Wednesday, October 03, 2018

Oh, no! Don't tell the story that way


Like a cat, there’s more than one way to skin the critter and obviously more than one way to tell a story. Think of the times we watch a film version of a book and feel sure that the director should have handled it our way.
An email from South Africa brings a variation on that idea from a reader who believes I should have written my latest book in a different way.
‘When I picked up Sailing to Purgatory,’ says ‘CJ’, writing to me at this website, ‘I was expecting to learn about that trial you endured.

It is beautifully written

‘Instead I read a sailing book with a bit of a love story thrown in.
‘Don’t get me wrong here, it is beautifully written and I had to read it with my Oxford pocket dictionary at hand for some of those words.
‘You sowed the seeds of intrigue very periodically but there was no preamble about what was coming.
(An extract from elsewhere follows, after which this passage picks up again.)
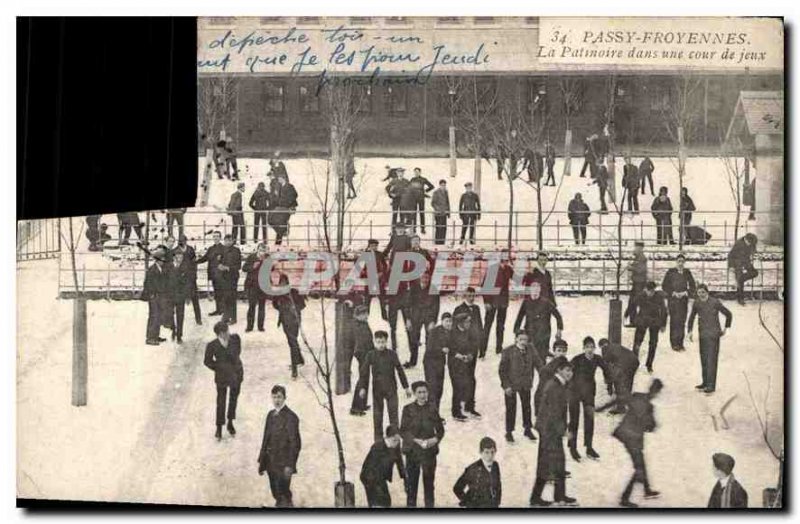 Old Postcard Passy Froyennes the rink in a games court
Only at the end does the reader get some sense of what then happened.
‘I am going to presume to tell the author, what I would have liked to see,' my critic writes.
‘At the outset I would have the end of the trial. 'Then a brief narrative of the ambush, the detention without access to friends and family, and then the preparation for and subsequent commencement of the trial itself.

The interminable wait 

‘Then jump to the judge’s summing up and the interminable wait, for you, whilst the jury reached a verdict.
‘I would have sketched the scenario of you standing to receive the verdict in full expectation of a not guilty verdict, the prosecution having been unable to find any concrete evidence of your involvement.
 ‘The state had to prove beyond reasonable doubt and surely, after what had been placed before them in evidence and with the benefit of the judge’s summing up, you could only be set free.
 The ambush and the gross injustice – especially in a land where justice is held to be so ‘fair’ – came as an utter and complete surprise, shock, devastation. The appalling trial itself went on for 18 months.
 ‘The devastation of the guilty verdict and then the sentencing…. "A lighter sentence by virtue of your age," said the judge? Nineteen years!

Let the reader judge

‘Having explained that the whole case revolved around your final voyage, I would have taken the reader on that final voyage.
'Then let him judge for himself the probabilities of a guilty verdict.’
Phew, well, thanks very much, CJ. As I say, more than one way to skin a cat. I did sketch out the story in a number of ways.